SOURCE DATA:
--

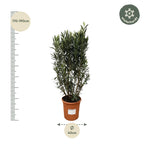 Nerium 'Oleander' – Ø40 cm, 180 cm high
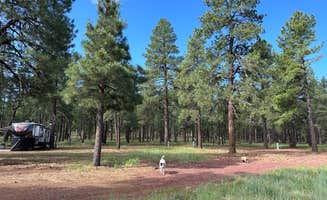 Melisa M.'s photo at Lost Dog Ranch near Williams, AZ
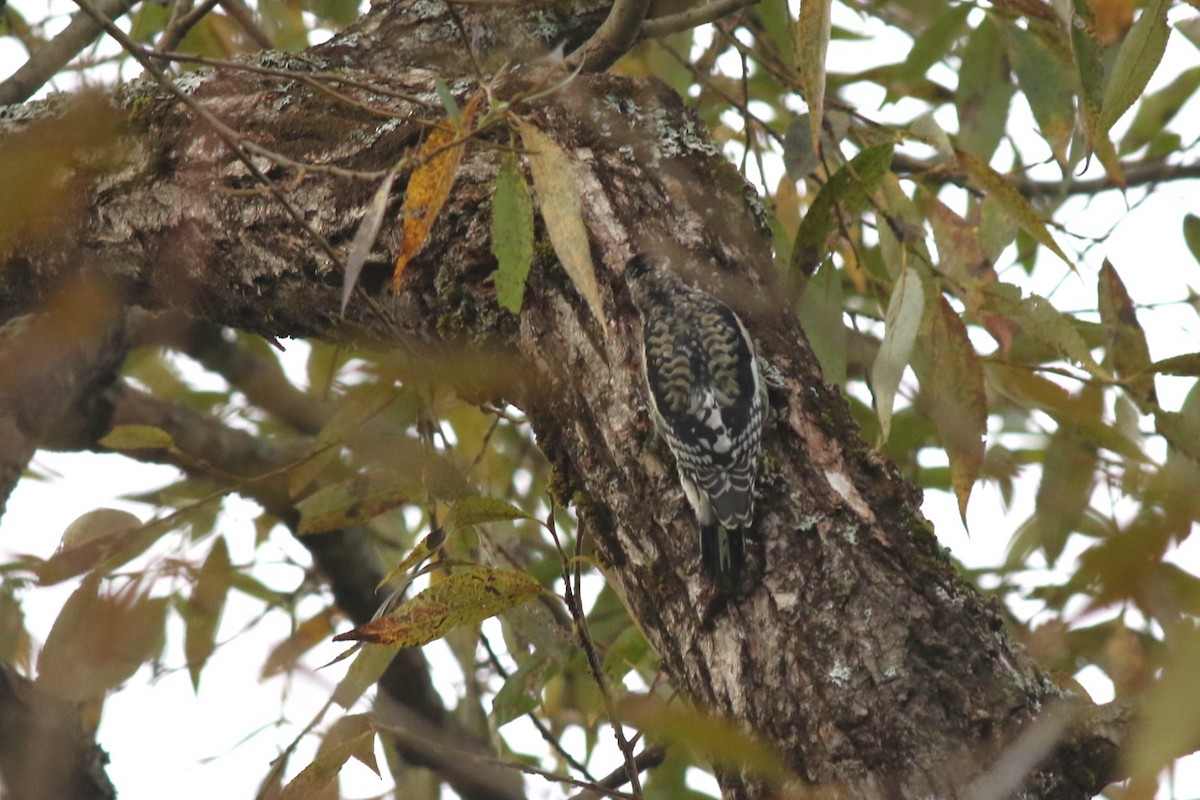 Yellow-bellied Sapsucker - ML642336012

--

TASK OBJECTIVE: Could you reproduce exactly the lines running from the one with "Melisa M.'s photo" through the final line of the listing above, both included, and drop the pictures?

RESPONSE BOX:
 Melisa M.'s photo at Lost Dog Ranch near Williams, AZ
 Yellow-bellied Sapsucker - ML642336012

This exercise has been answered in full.